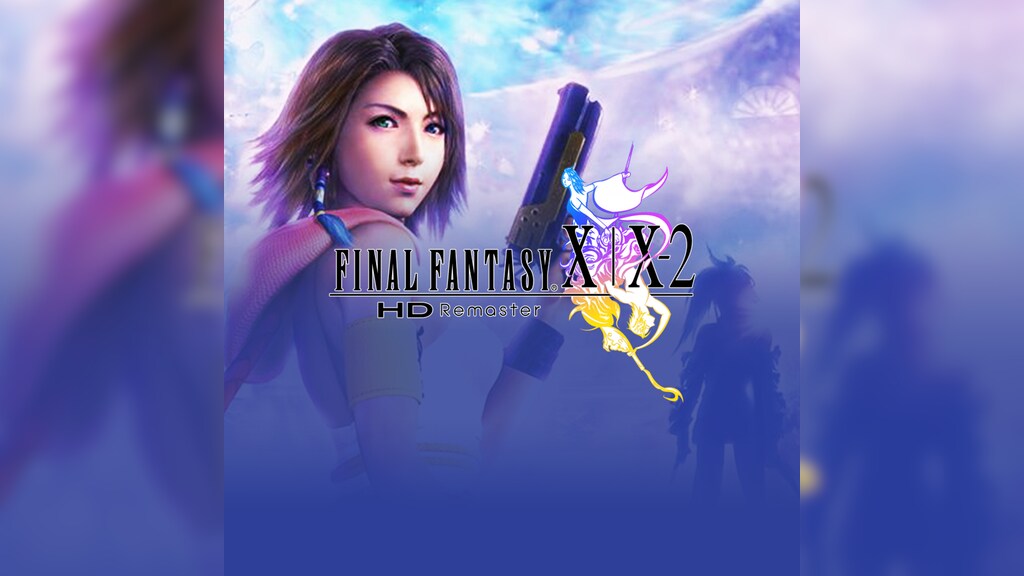 Save 60% on FINAL FANTASY X/X-2 HD Remaster on Steam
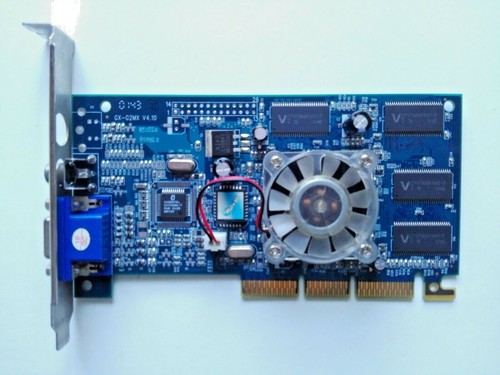 Scheda video g2mx 4 10 - gx-g2mx, v.4.10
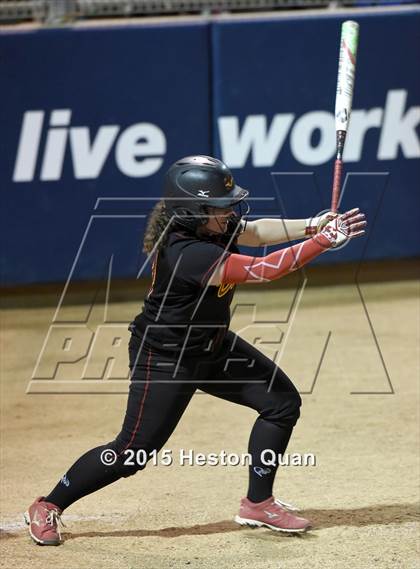 Thumbnail 3 in Yucaipa vs. Mission Viejo (CIF-SS D1 Final) photogallery.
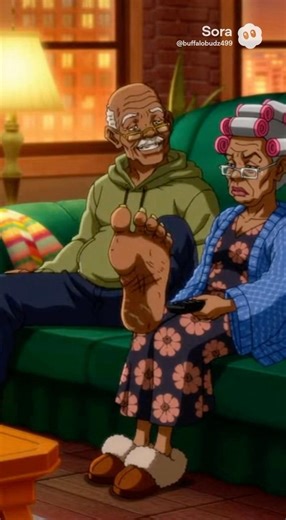 “Baby, can you please rub my feet” #funny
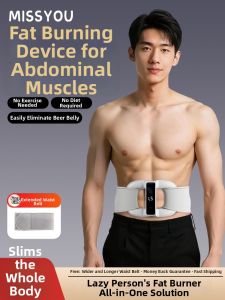 Miss You | Fat Burning Vibration Massager for Home Use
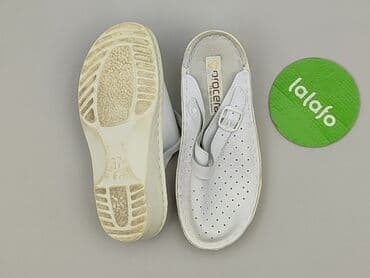 klapki erme: Klapki damskie, rozmiar 37 — 3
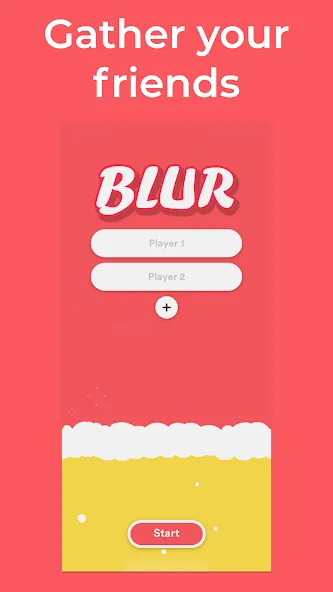 Скачать мод Blur – The Social Party Game — Полная версия без рекламы — скриншот 1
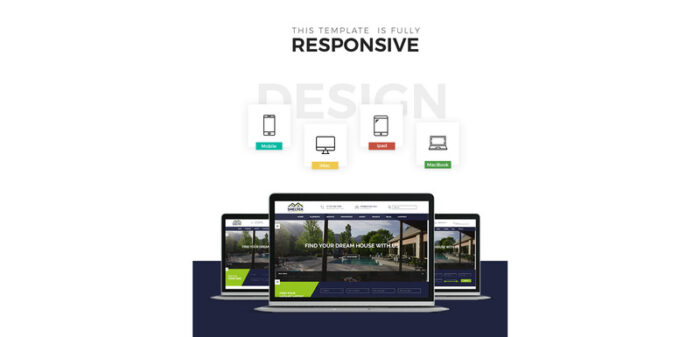 Sheltek - Real Estate Responsive Website Template - Features Image 2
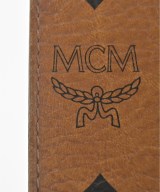 MCM（エムシーエム）財布・コインケース ベージュ サイズ:- レディース/2200720483291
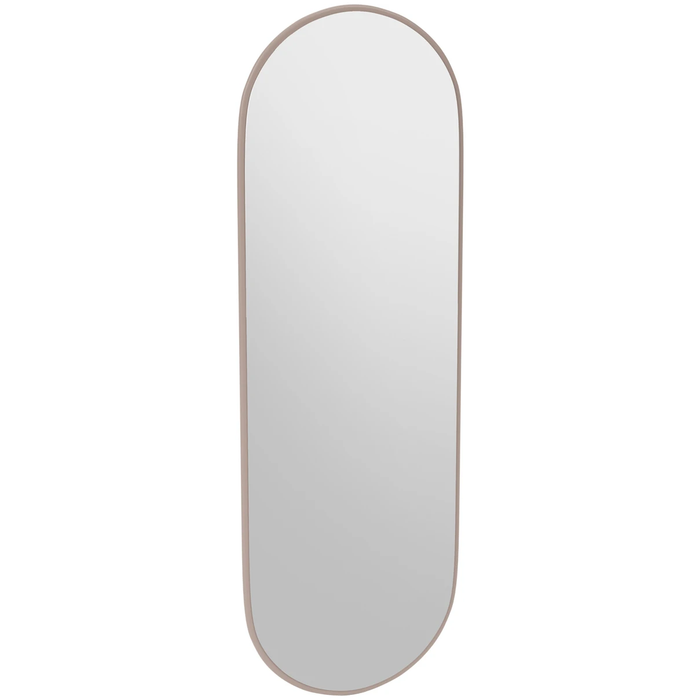 Photo of Figure Oval Mirror - Mushroom - Helkroppsspeglar - Peter J. Lassen - Beige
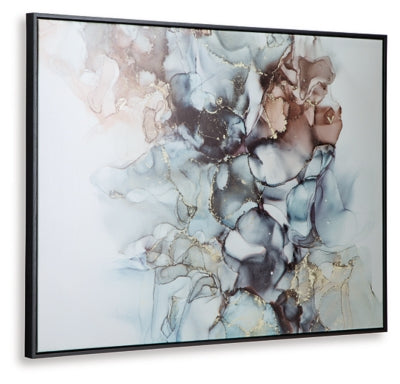 Ashley Jordsboro Multi Wall Art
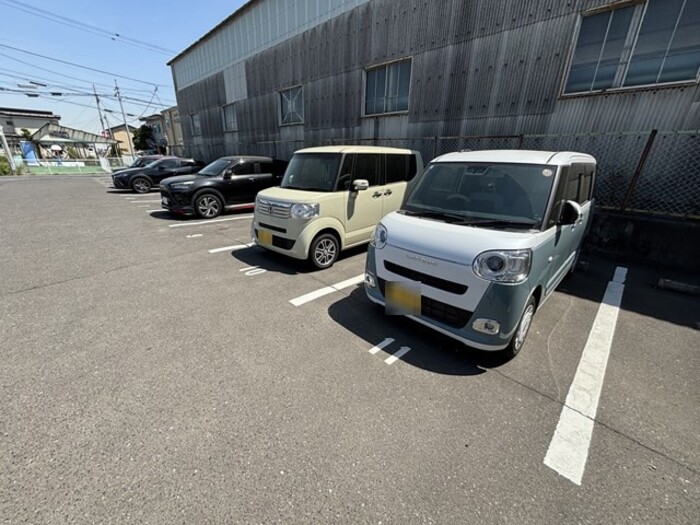 グランモアK 202号室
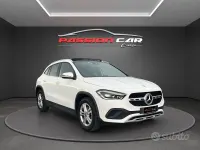 Usata Mercedes GLA200 150 CV (110 kW) 2023 Bianco SUV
########################################
WHAT YOU WILL DO: Every record must be set down again exactly; pictures do not belong in the copy.

EXPECTED OUTPUT:
 Save 60% on FINAL FANTASY X/X-2 HD Remaster on Steam
 Scheda video g2mx 4 10 - gx-g2mx, v.4.10
 Thumbnail 3 in Yucaipa vs. Mission Viejo (CIF-SS D1 Final) photogallery.
 “Baby, can you please rub my feet” #funny
 Miss You | Fat Burning Vibration Massager for Home Use
 klapki erme: Klapki damskie, rozmiar 37 — 3
 Скачать мод Blur – The Social Party Game — Полная версия без рекламы — скриншот 1
 Sheltek - Real Estate Responsive Website Template - Features Image 2
 MCM（エムシーエム）財布・コインケース ベージュ サイズ:- レディース/2200720483291
 Photo of Figure Oval Mirror - Mushroom - Helkroppsspeglar - Peter J. Lassen - Beige
 Ashley Jordsboro Multi Wall Art
 グランモアK 202号室
 Usata Mercedes GLA200 150 CV (110 kW) 2023 Bianco SUV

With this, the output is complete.